Ok, this is a non pistol question, and technically a non semi-auto question.

I'm looking for a high cal precision bolt action rifle. I want one with a mag also.

This is going to double as a range / hunting rifle.

I don't want one of those typical wood grain rifles, blah. I want something that looks like a sniper rifle. Something tactical. What are some good brands?


----------



## Benzbuilder (Sep 7, 2006)

*This should be in the Long Gun section*

If you're looking for a sniper rifle. Check out the Barrett .416. A truely remarkable weapon. Although, You won't be carring it hunting! For that I would look at the Kimber .338 Federal. It won't be released till next year, but, it is supposed to have the same trajectory as the .308 Win. With better terminal ballistics out to 500 yds.


----------



## SuckLead (Jul 4, 2006)

Some of the things FN has out look pretty good, too. Pricey, but we have one on the shelf right now that I think would give you tingles.


----------



## SuckLead (Jul 4, 2006)

As an aside... if you really want to get into it, pick up something like a Remington 700 and start building.


----------



## Revolver (Aug 26, 2006)

Remington 700 in .30-06 Springfield.


----------



## PenguinRunway (Apr 3, 2007)

Why 30-06? Is that a powerful rifle? If I'm hunting with a bolt, I need one shot one kill.


----------



## Revolver (Aug 26, 2006)

PenguinRunway said:


> Why 30-06? Is that a powerful rifle? If I'm hunting with a bolt, I need one shot one kill.


It's more suitable for hunting and it's more versatile than the .308 Winchester(a tad more powerful). It's good for just about any North American big game.


----------



## Snowman (Jan 2, 2007)

A 30-06 is plenty powerful, and I doubt whatever your planning on hunting is beyond its scope. However, a 30-06 bolt is not a range rifle IMO. For fun shooting I would go smaller, maybe down to something like a .243 which is adequate for deer.


----------



## Revolver (Aug 26, 2006)

Snowman said:


> However, a 30-06 bolt is not a range rifle IMO.


It is for me. The first rifle I started shooting as a kid was a .30-06 chambered custom Mauser. I love the cartridge but sadly don't have a rifle so chambered at the present time(have an 8mm Mauser now instead). Plan on fixing that soon.


----------



## Baldy (Jun 21, 2006)

I would take a good look at Savage Rifles with the the acu-trigger set up in a .30-06 and you can take anything in the USA.


----------



## PenguinRunway (Apr 3, 2007)

Well, I enjoy shooting shotguns for the challenge of the kick.

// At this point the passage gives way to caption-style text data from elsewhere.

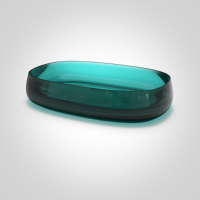 Luxuriöser, umweltfreundlicher, wasserabweisender, leicht zu reinigender 3D-Design-Joystick-Wasserhahn für die Arbeitsplatte, individuell gefärbtes Badezimmer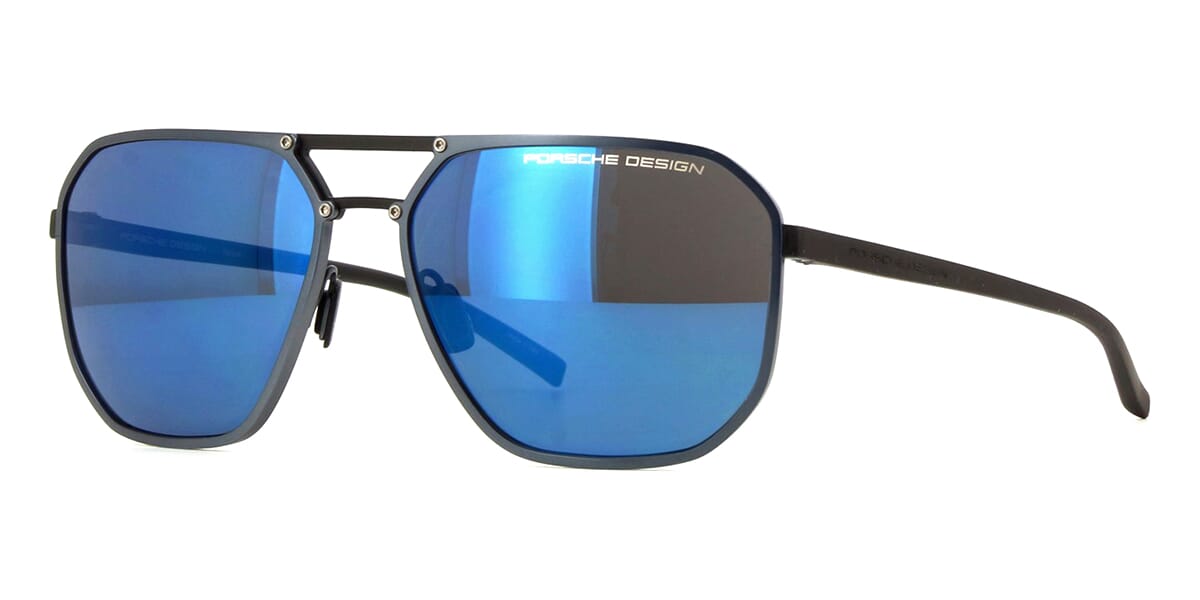 Occhiali Porsche Design P7003 Titanio, Montatura Grigio Scuro Satinato, Lenti Demo, 52mm
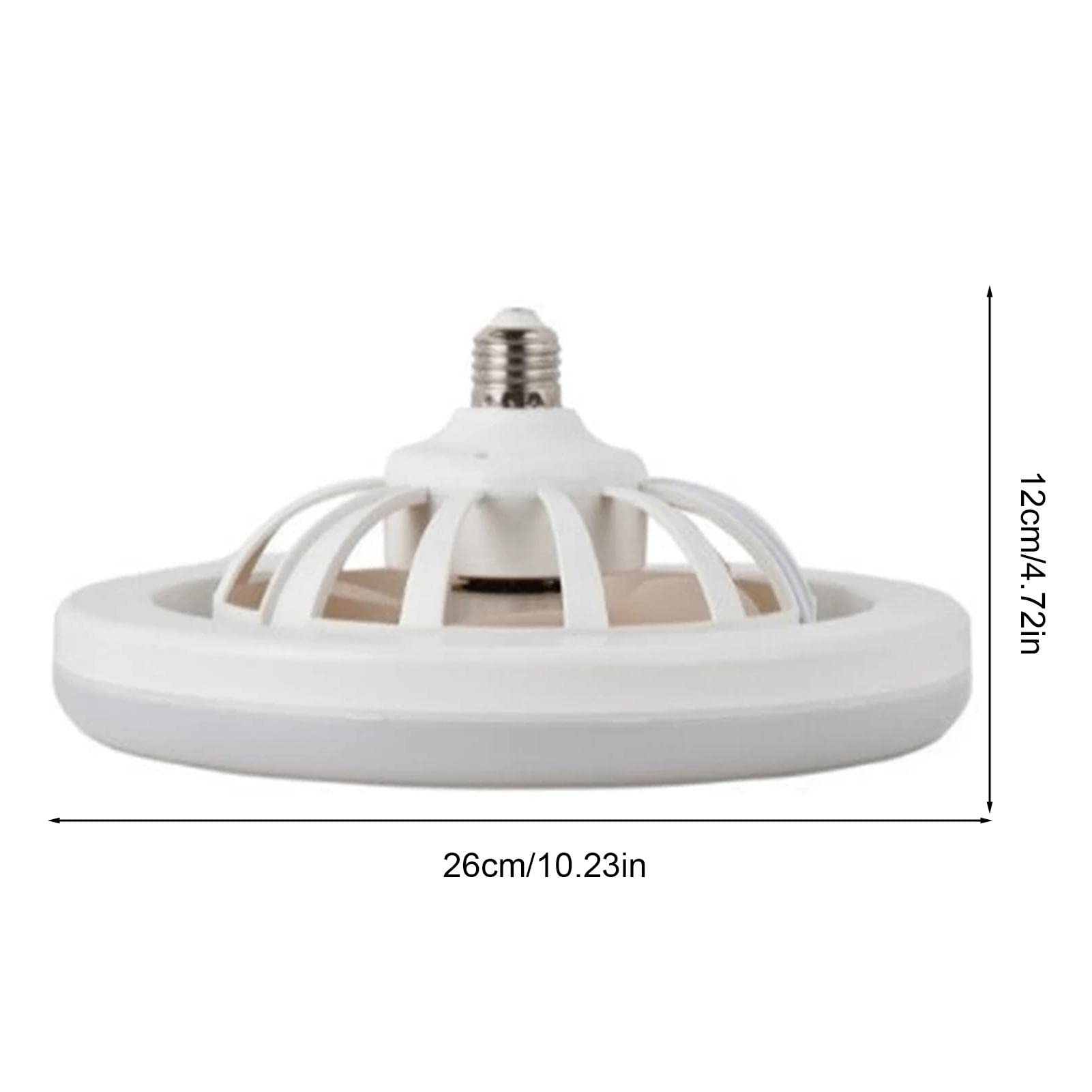 Zceplem Blattloser Deckenventilator | Deckenventilator mit Beleuchtung und Fernbedienung | 3-Farben dimmbare LED 3 Geschwindigkeiten Timing mit Fernbedienung, Deckenleuchte mit Ventilator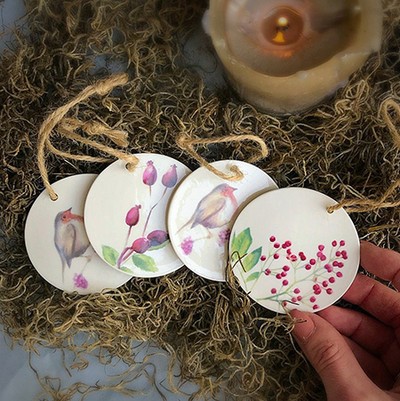 Подвес Барбарис фарфор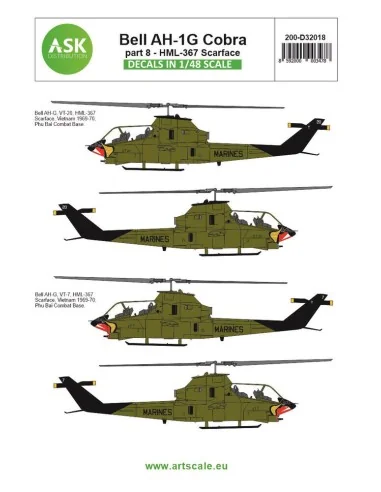 Bell AH-1G Cobra part 8 - HML367 Scarface, 1/32 - Art Scale Kit 200...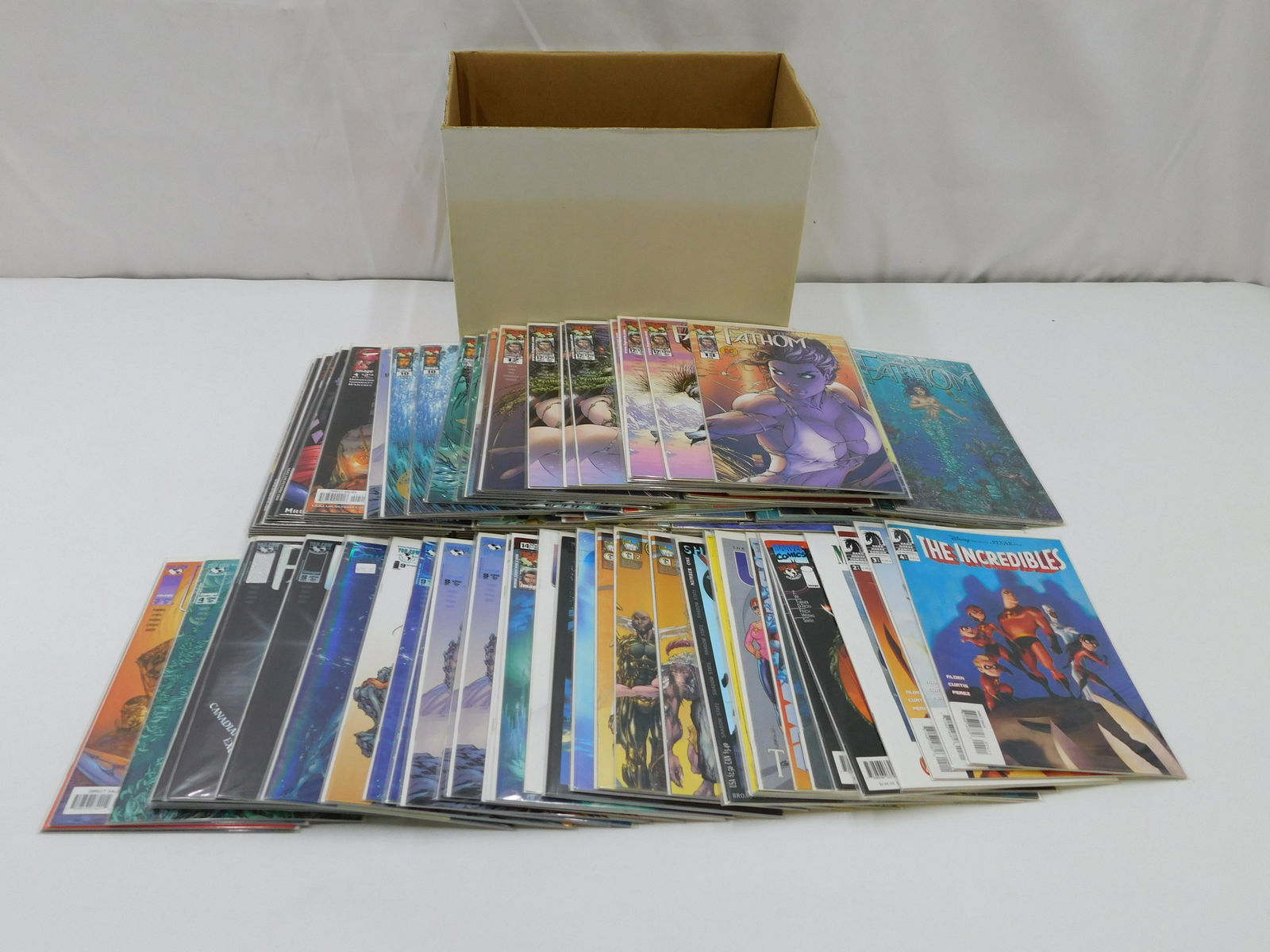 Short Box of Independent Comics with Autographs (1 of 8)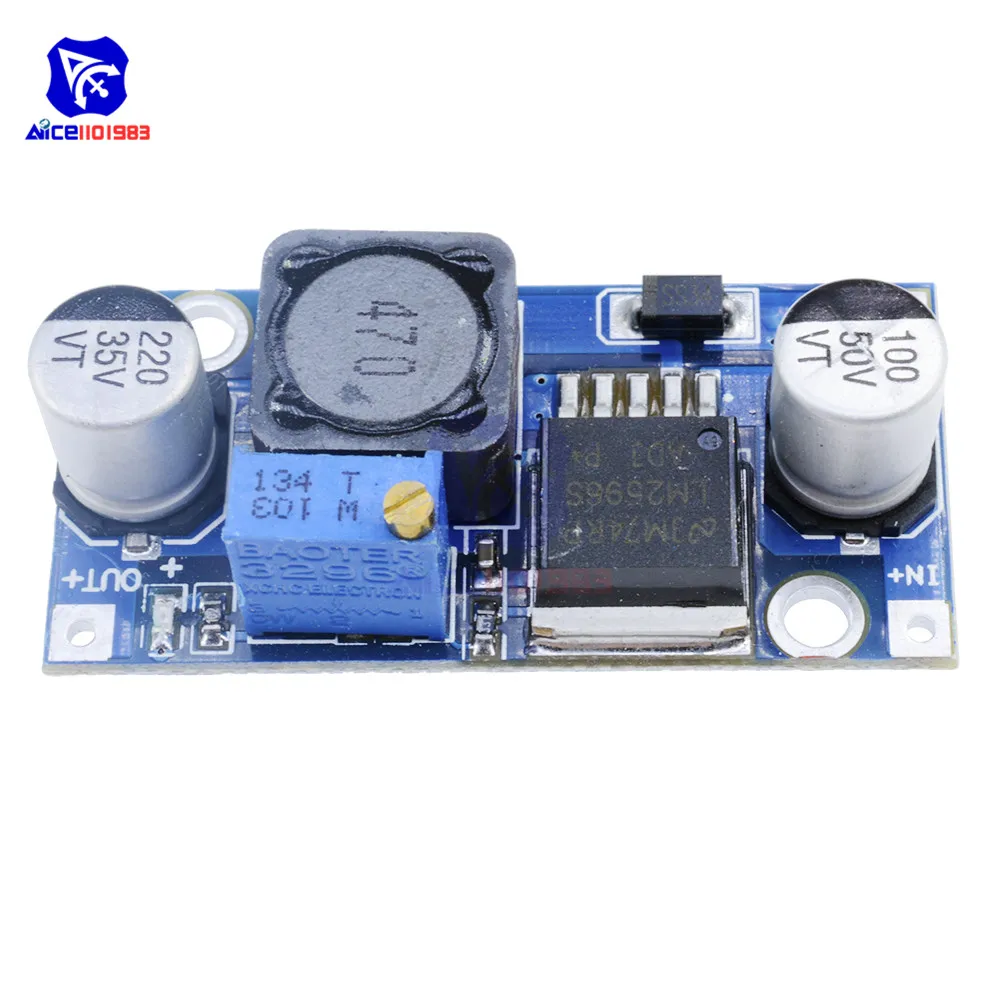 LM2596 DIP/SMD DC-DC-Abwärtswandler Step-Down-Stromversorgungsmodul Ausgang DC 4 -35V zu DC 1.23 -30V 3A Spannungsregler – Detail 7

What's the most common and inexpensive large round for a rifle?


----------



## 2400 (Feb 4, 2006)

PenguinRunway said:


> Well, I enjoy shooting shotguns for the challenge of the kick.* What's the most common and inexpensive large round for a rifle*?


What do you consider large (270, 30 cal, 338, 375, 458 or?) and what is inexpensive (under $20 a box, under $35 a box or?)?


----------



## PenguinRunway (Apr 3, 2007)

2400 said:


> What do you consider large (270, 30 cal, 338, 375, 458 or?) and what is inexpensive (under $20 a box, under $35 a box or?)?


Well, I don't know. I just want a big mean rifle that'll bring down anything I shoot (with proper placement of course, please don't be arguementative)... and won't bust the bank. Prefer under $30 for a box of 50.


----------



## Snowman (Jan 2, 2007)

Revolver said:


> It is for me. The first rifle I started shooting as a kid was a .30-06 chambered custom Mauser. I love the cartridge but sadly don't have a rifle so chambered at the present time(have an 8mm Mauser now instead). Plan on fixing that soon.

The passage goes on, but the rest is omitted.